SUPPLIED MATERIAL:
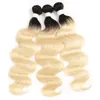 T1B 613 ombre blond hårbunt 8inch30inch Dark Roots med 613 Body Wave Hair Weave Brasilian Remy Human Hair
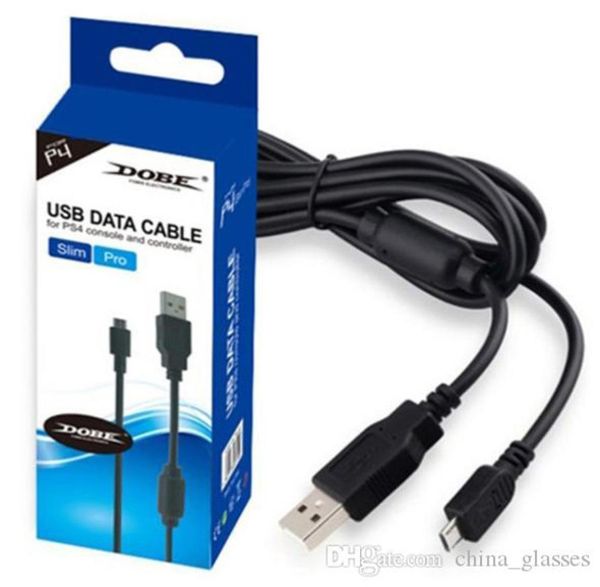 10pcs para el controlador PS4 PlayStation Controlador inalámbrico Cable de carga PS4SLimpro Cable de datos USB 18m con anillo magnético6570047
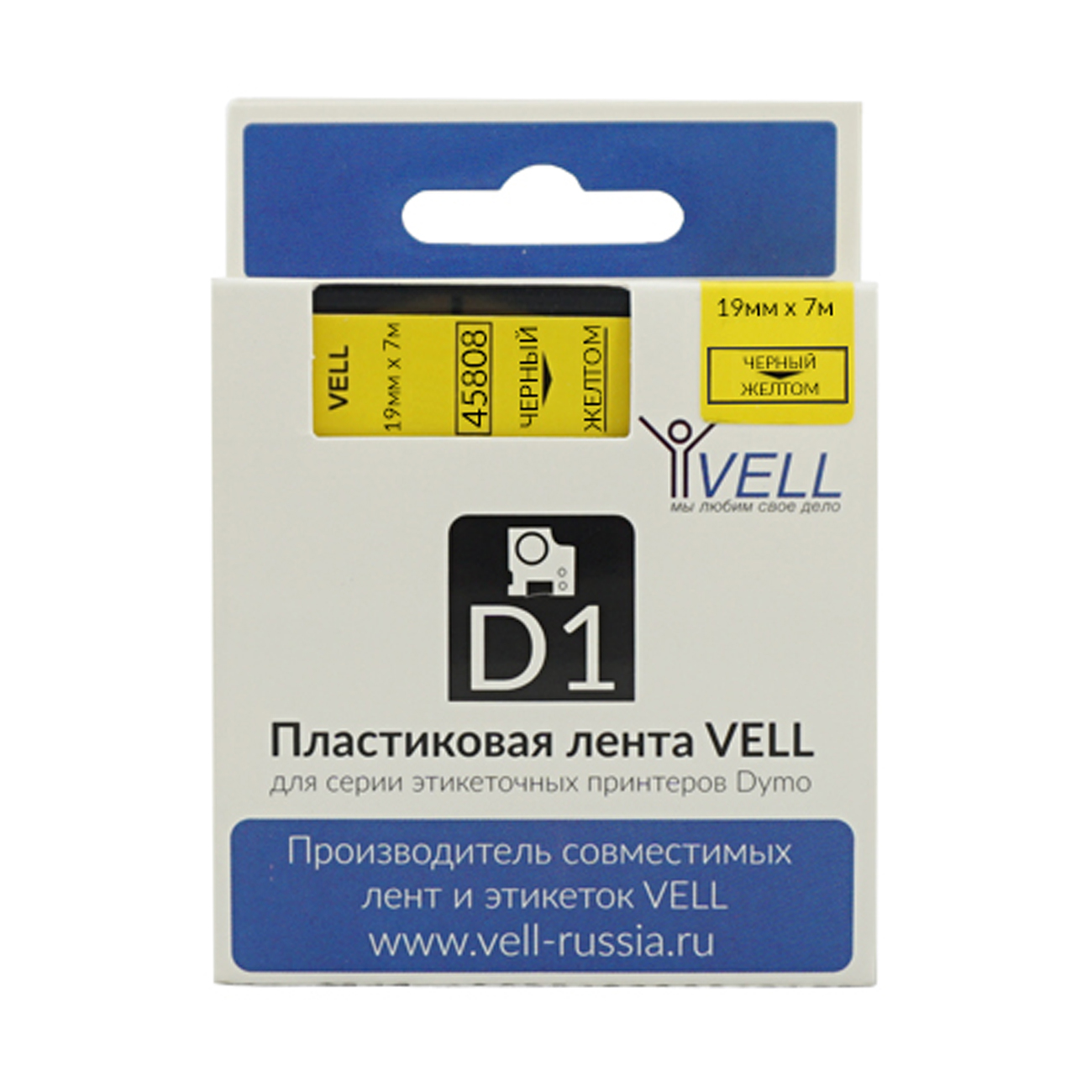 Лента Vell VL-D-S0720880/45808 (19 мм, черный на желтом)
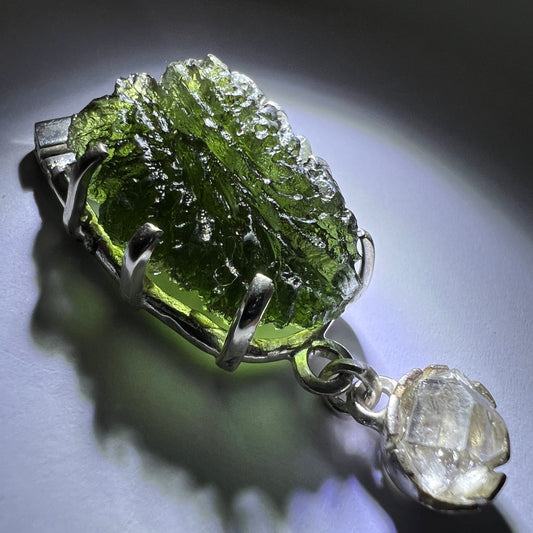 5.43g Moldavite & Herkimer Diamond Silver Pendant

WHAT IS EXPECTED: Take the line with "Лента Vell VL-D-S0720880/45808" and every line after it through the end of the data, and write only them out exactly, leaving out the pictures.

WRITTEN ANSWER:
 Лента Vell VL-D-S0720880/45808 (19 мм, черный на желтом)
 5.43g Moldavite & Herkimer Diamond Silver Pendant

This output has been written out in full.